Cette impossibilité de mettre un point final à son histoire, en se projetant continuellement dans de nouvelles façons de la raconter, donc de la vivre, montre que la page n'est pas tournée. La transfiguration, -l'essence de l'art!-, est ratée, l'essai n'est pas transformé. L'idéalisation de son amour pour sa femme malgré les épreuves, la souffrance de ce combat contre le cancer, l'envie quelque peu messianique de sauver le monde, le besoin d'aimer, de se sentir vivant... beaucoup de thèmes sont abordés, mais le seul qui manque, c'est justement celui qui sous-tend l'ensemble du "roman" : la peur de la mort. On sent l'auteur pas encore très "mûr" ; du coup ça manque de distance, le fait que la douleur soit encore bien présente rend ce roman assez impudique. L'excuse donnée, dès les premières pages, c'est d'aider les gens en proie aux mêmes coups du sort. Mais (à mon avis), pour cela ce n'était pas un roman qu'il fallait écrire. le roman, il vient après la digestion, pas pendant ;-)
Je ne peux m'empêcher d'établir (là encore) un parallèle avec l'incroyable et exceptionnel "Clair de femme" de Romain Gary.
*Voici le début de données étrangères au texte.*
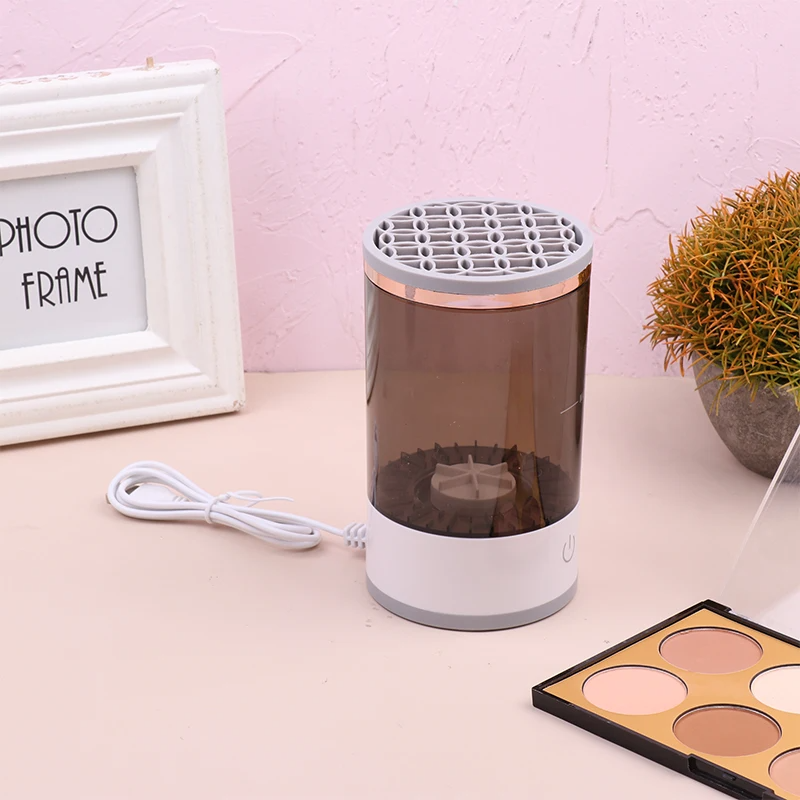 Electric makeup brush cleaner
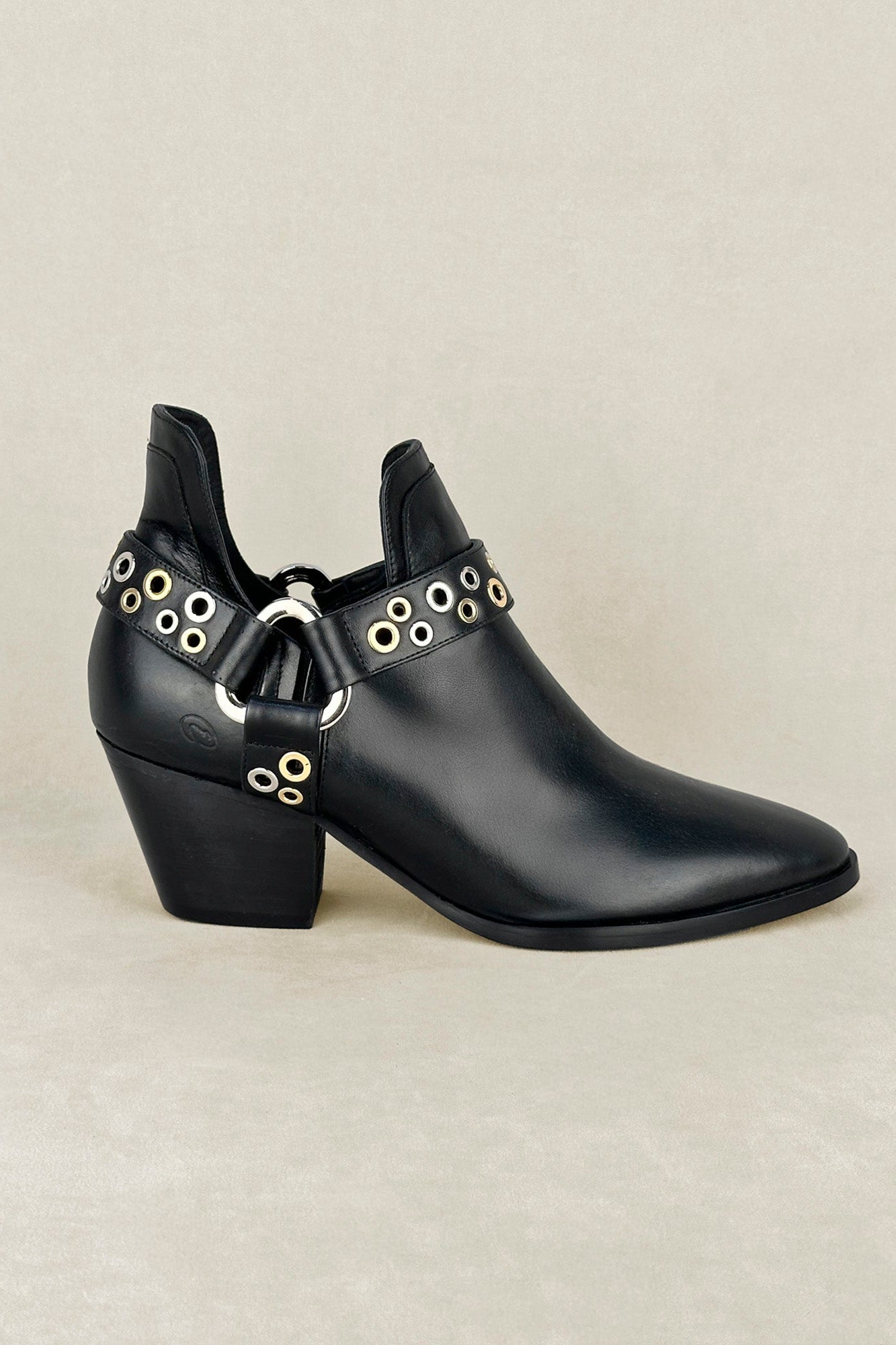 BOTIN ROCK NEGRO 6CM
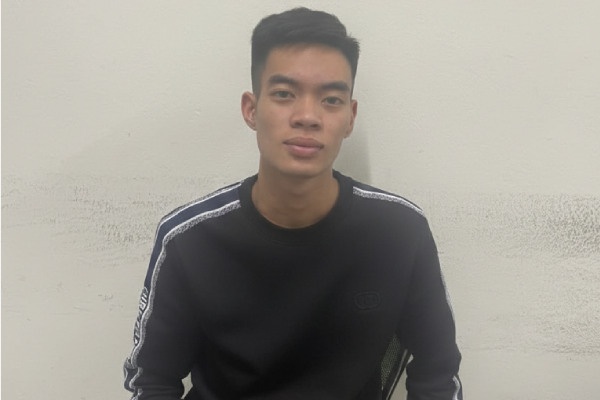 Lua dao chiem doat 100 trieu dong bang thu doan chuyen khoan gia hinh anh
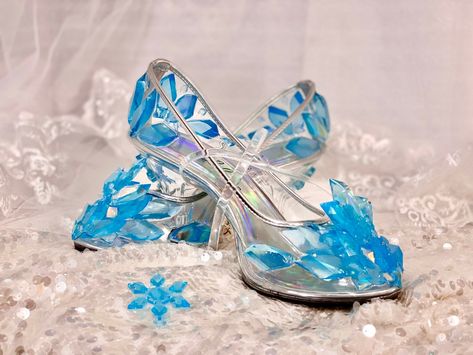 Queen Elsa Ice Shoes Blue Crystal Snowflake High Heels Great - Etsy Canada Ice Shoes, Elsa Shoes, Glass Heels, Elsa Cosplay, Princess Cosplay, Cinderella Shoes, Crystal Snowflakes, Queen Elsa, Magical Jewelry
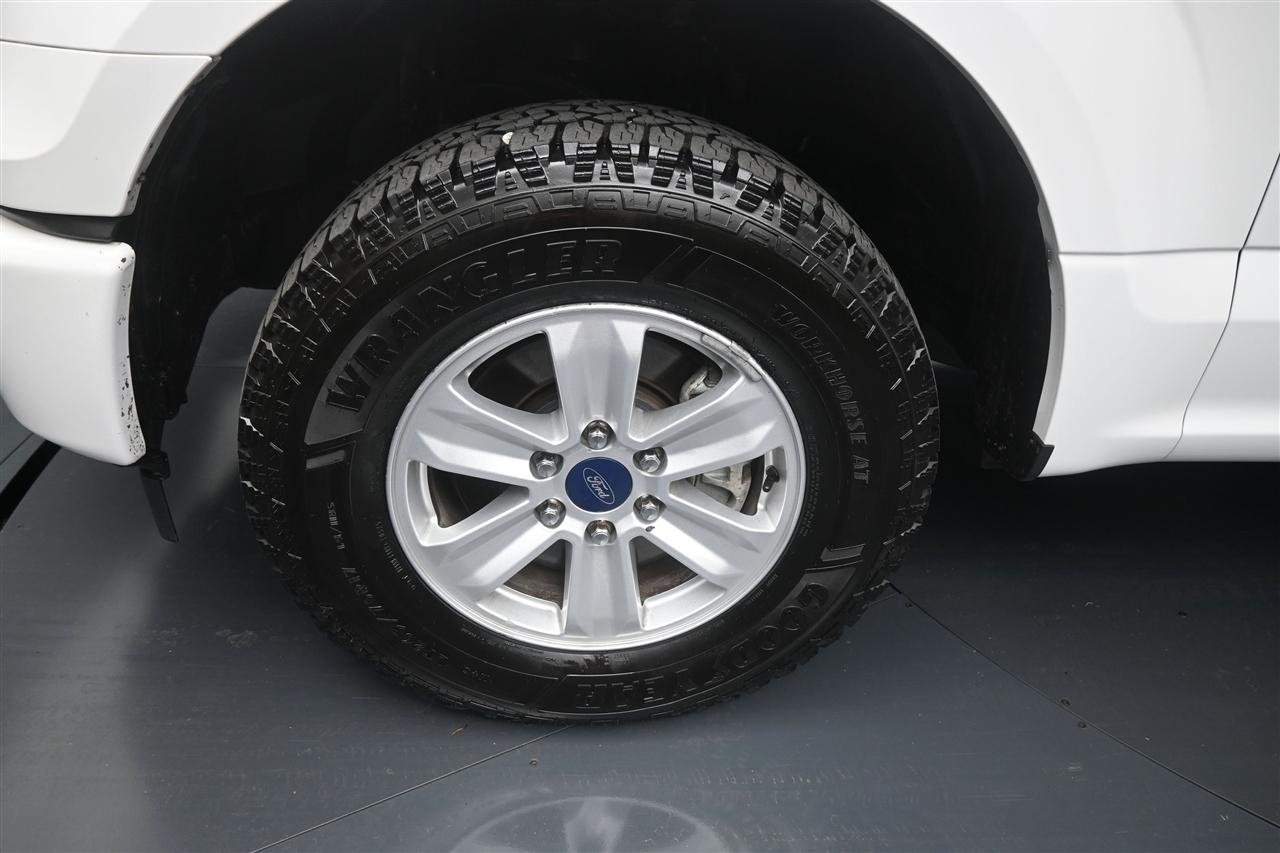 Ford F-150 XL SuperCab 8-ft. Bed 4WD 2017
On retrouve la même problématique de base (femme malade, époux éploré) et la même complète idéalisation de l'amour. On retrouve aussi la "tierce" personne, celle que l'on va aimer (Nicolas avec Marie) pour mieux aimer la première. Mais si chez Reinhardt l'expérience s'arrête là, avec des émotions qui ne dépassent pas celles ressenties par l'auteur, chez Gary il y a transfiguration, transformation, sublimation ; la portée est toute autre.
Ne vous fiez donc pas à la 4ème de couverture, finalement mensongère : il ne s'agit pas de Nicolas et Mathilde, mais de différentes façons d'écrire une même histoire, avec des embranchements, des choix qui diffèrent : Eric et Margot, Nicolas et Mathilde, Fréderic et Marlène ; une façon pour l'auteur de vivre par procuration les choix qu'il n'a pas faits (et qu'il regrette?)